Wednesday, July 18, 2018

AGAINST IDENTITY POLITICS AND THE USA WHITE WOMAN IN PUERTO RICO

Although she understands racism and its consequences, she dismisses groups that have particular interests or concerns as self-serving identity politics, even when these groups are not discriminating nor claiming a superiority of one group over another. 

She was disturbed and confused by the cyclical nature of Puerto Rican storytelling and discourse styles; similar to the ones found in a great deal of Latin American literature, and recorded excellently by Gabriel García Márquez, Ana Lydia Vega and many other writers from south of the border.

She was truly annoyed by the nonchalant attitude that many Puerto Rican clerks or waiters exhibit when working in stores and restaurants; that were in opposition to her matter of fact, direct, almost confrontational, approach when addressing people. She felt she was to be taken care immediately and with no pauses or distractions. Efficiency is a value not to be questioned. 

She was/is a white USA woman in Puerto Rico expecting to be treated equally according to her standards.

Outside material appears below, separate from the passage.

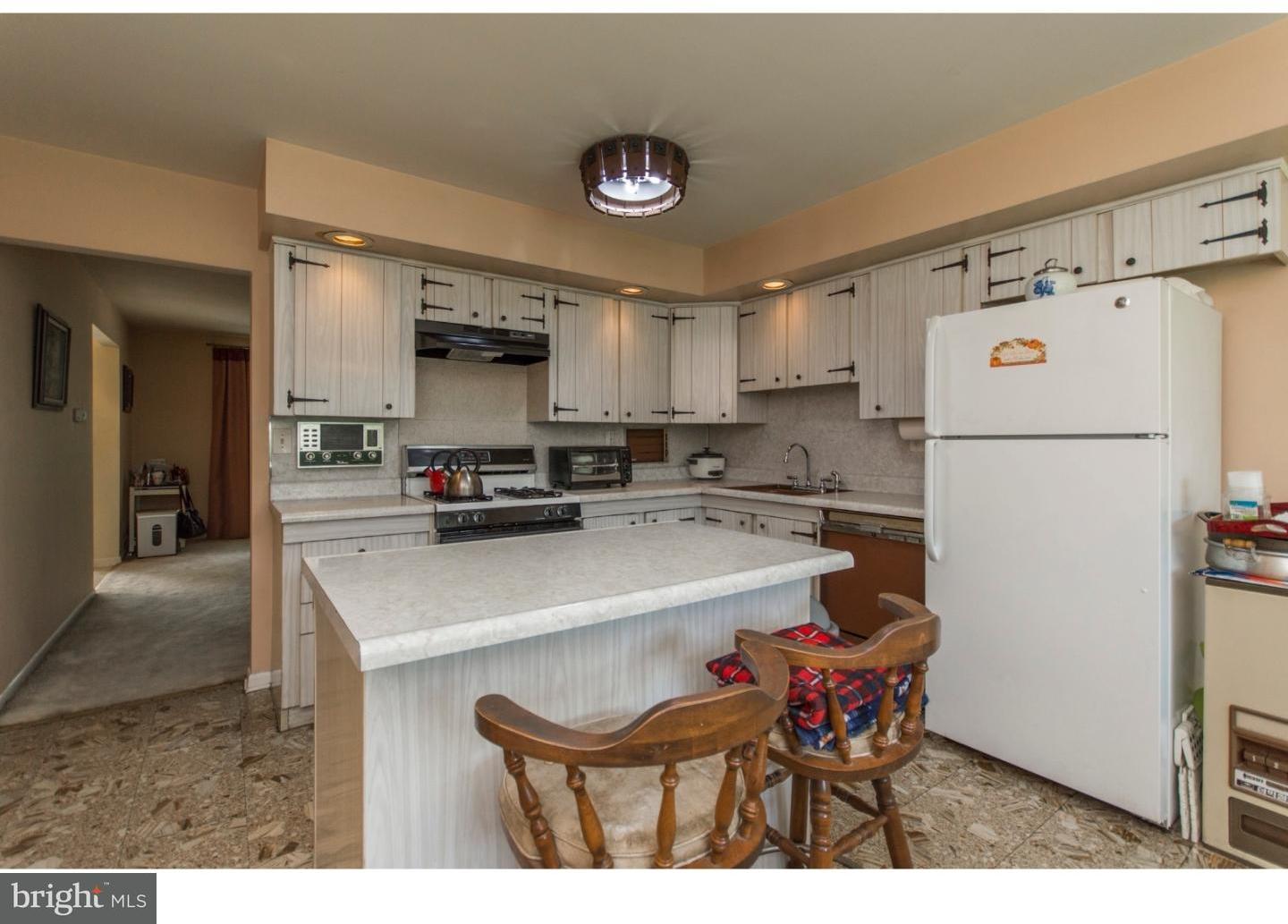 540 Ashbourne Road Cheltenham, PA 19012 - Photo 6 of 25
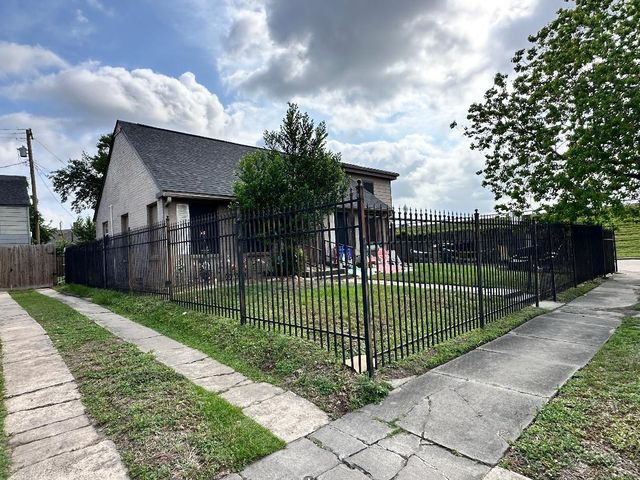 2007 Rosewood Street, Houston, TX 77004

She was treated equally, except they were doing it according to different standards, that were not necessarily based on racism or sexism but in a different way of viewing and acting upon the world. 

Her standards contradict her arguments against identity politics, as if her “forma de ser”, who and how she is has nothing to do with a particular culture (not only from an ethnic and racial perspective but from a certain educated class also and its intersection), a specific group, and in her case, to a large extent, the group in power.